Monday, December 9, 2013

Dangerous times

In 2005, I was on a sugar high with bank stocks. The amazing thing about the whole time period was that I was not even keeping track of the fact that mortgage origination and securitization was even happening on a large scale or anything was a miss in the market as it rallied higher and higher. I thought I was doing the most prudent thing by "accumulating" my holding in the financials as the market traded higher.

The human psyche is such that, as times goes from better to even better, the fear gauge keeps plummeting and the sense of security is very high. Though I was accumulating shares in small lots I was doing it at ever higher levels and my cost basis was astronomically high. It is not that I was not aware of the rising cost basis, but it was more a compulsion to be involved in the market when things are good, which compelled me to keep buying.

I get the same creepy feeling now. With the markets and my portfolio considerably up for the year, I feel the compulsion to be ever more involved in the market and increase my stake. The risk is the same as it was 8 years back. Raising my cost basis. As I look at my technology holdings, I am very nervous. they have been expanding multiples over the past year and even though their multiples are still not too high I am getting weary of my compulsion to expand my tech holdings at this point. The dangers are obvious.
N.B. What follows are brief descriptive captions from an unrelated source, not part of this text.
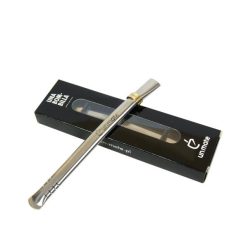 Un Mate Bombilla tisztítókefével 16cm, inox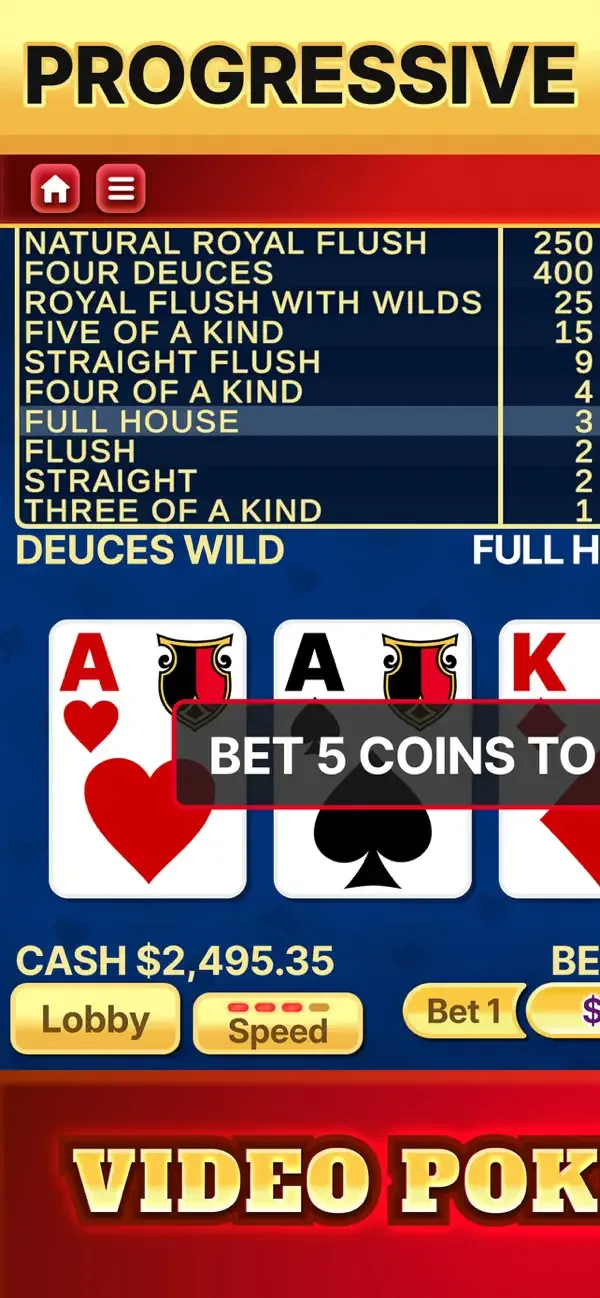 Video Poker Deluxe screenshot 4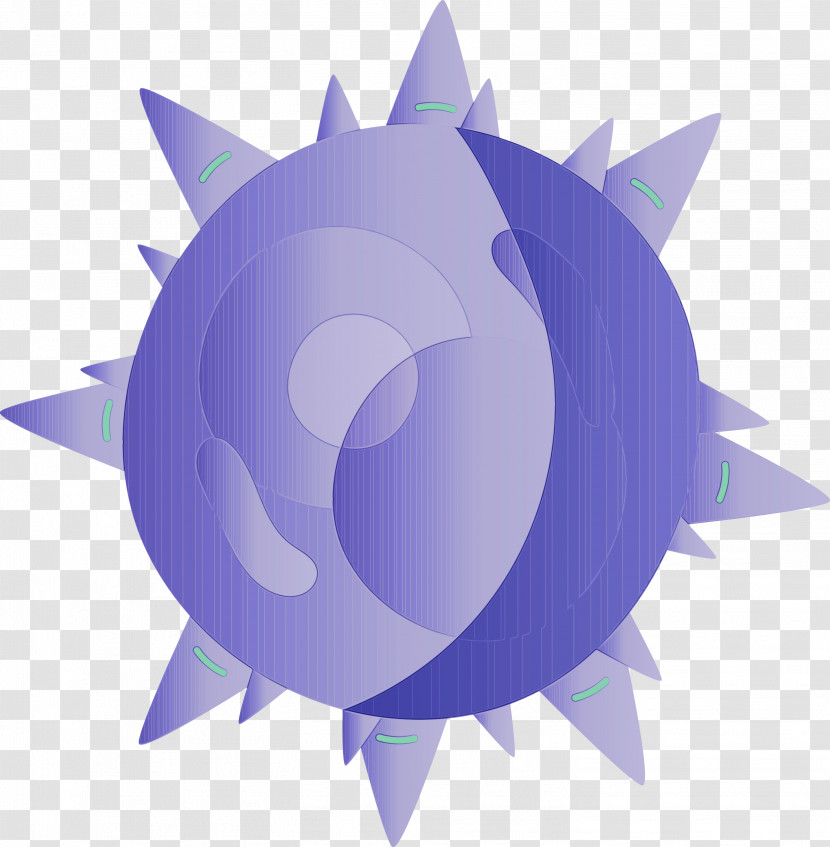 Purple Circle Logo Fish Transparent PNG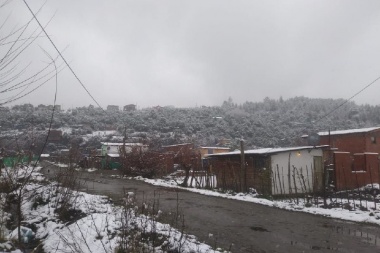 Temporal de nieve en la cordillera patagónica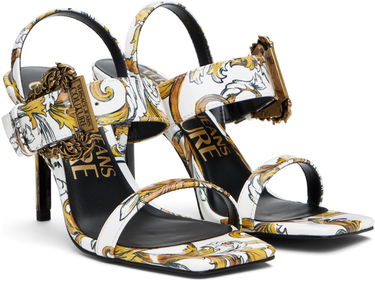 Doplnky Versace Versace Jeans Couture Emily Slingback Heeled Sandals Rôznofarebný | E78VA3S71_EZS366, 3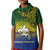 Custom Papua New Guinea Morobe Province Kid Polo Shirt PNG Birds Of Paradise Polynesian Arty Style LT03 Kid Yellow - Polynesian Pride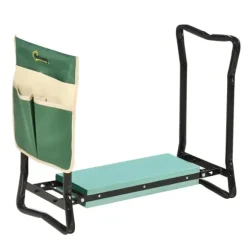 Rootz Kneeler - Sammenfoldelig havetaburet - 2 i 1 knæstøtte med værktøjstaske - EVA - Skum - Grøn - 58 x 28 x 49 cm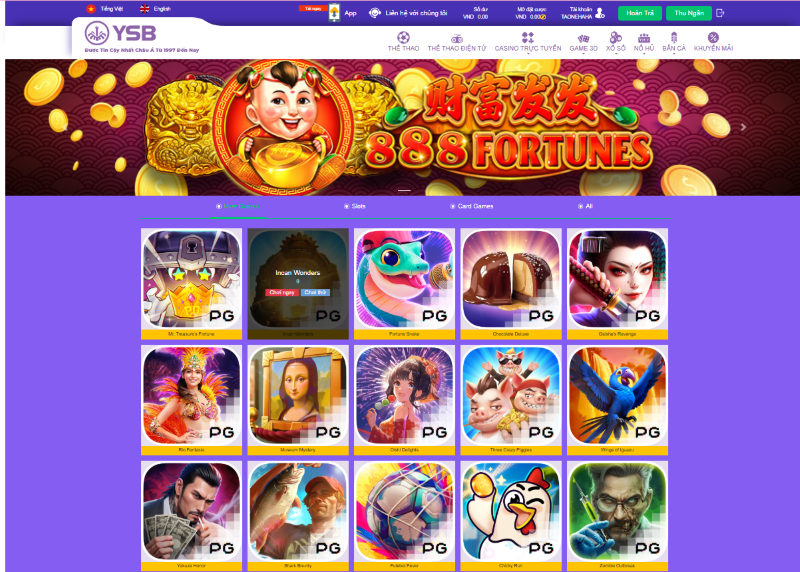 game đổi thưởng nổ hũ YSB66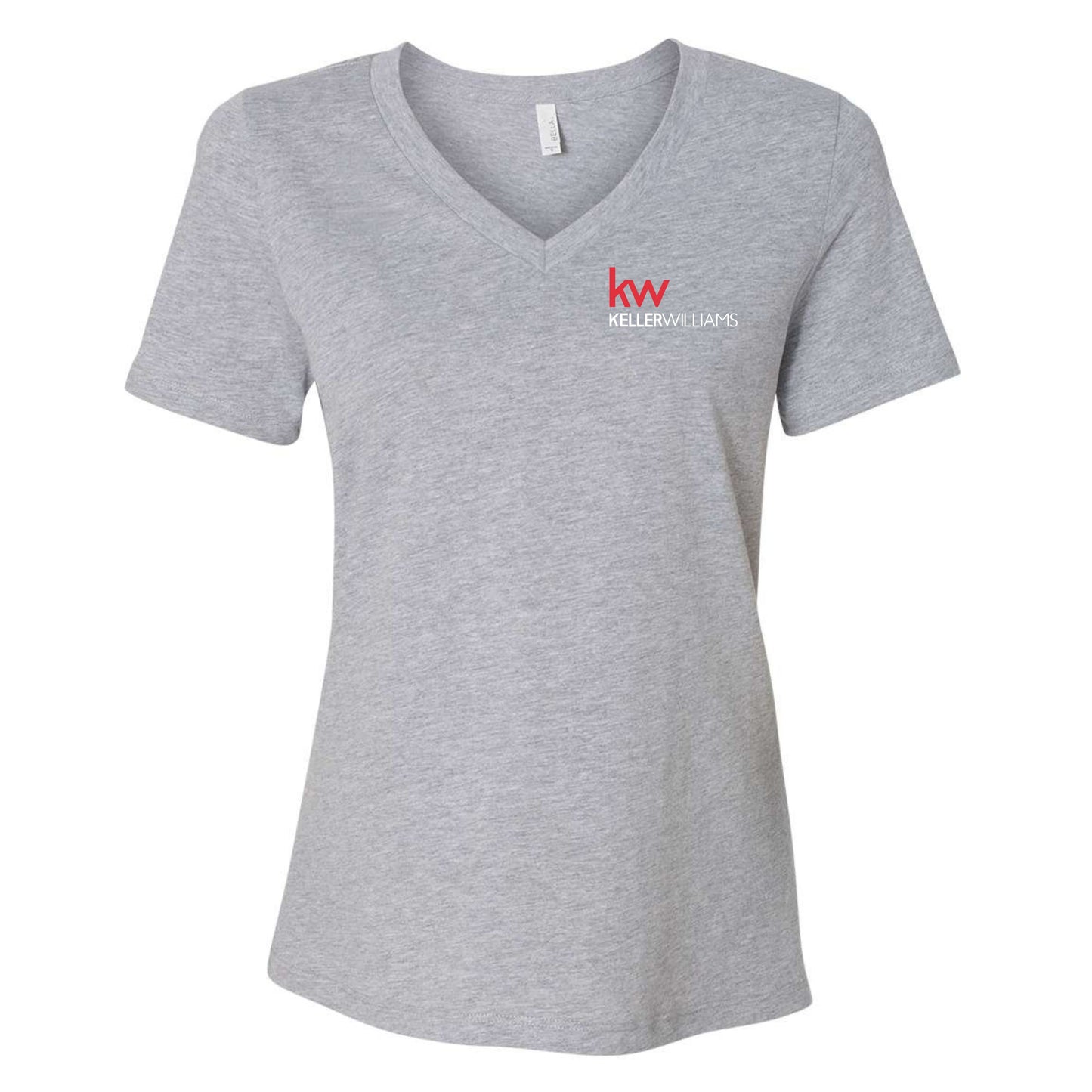 Keller Williams Realtor Chest Logo Women's Relaxed V-Neck T-Shirt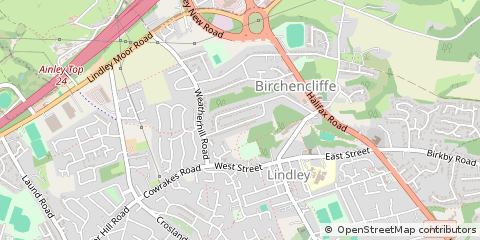 Map of Huddersfield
I will expand holdings at these levels and would have raised my cost basis to levels beyond intrinsic value (or DCF valuations as best as I come up with) and a strong correction would then force me to take drastic action.

So the new playbook states that you accumulate at these levels in the market only if your cost basis holds below intrinsic value. For example, I do believe that MSFT has some ways to run given the amount of money that has poured into it in the past few months as institutional investors add to performing assets at year end. I still feel that it will breach 40$ by end of year. However, I do not plan to add any further. My cost basis is now at 28.64$ and perilously close to the 28-29$ intrinsic value that I have on the stock. So I stop and look elsewhere for investment ideas.
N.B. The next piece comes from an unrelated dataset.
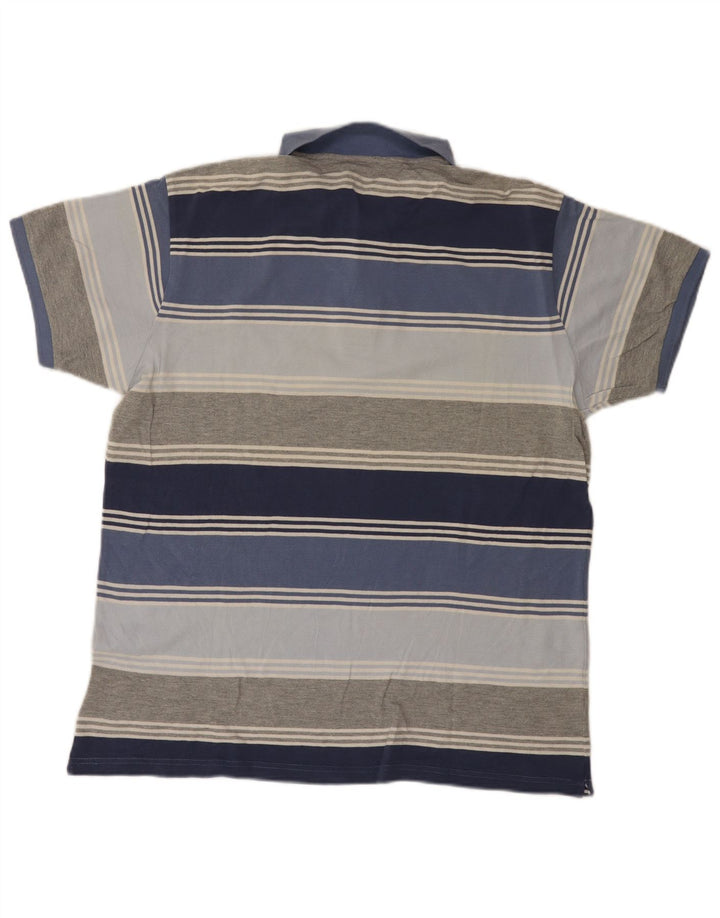 Camisa polo masculina Kappa 2XL algodão listrado azul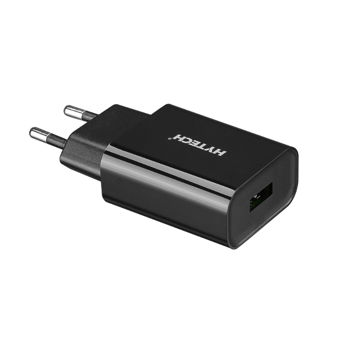 Hytech HY-XE26T Universal Type-C Kablolu Hızlı Şarj Aleti Siyah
These are times when the psyche has more to do with investment ideas rather than cold analysis. I reiterate my call for rotating into financials over the next 6-12 months. Interest rates are going higher and at this point, given they are yet to have a good solid run like technology, I am betting that is where the money will go and hopefully I would have built up enough holdings at a low cost basis to hold on for the long term.

We certainly live in dangerous times!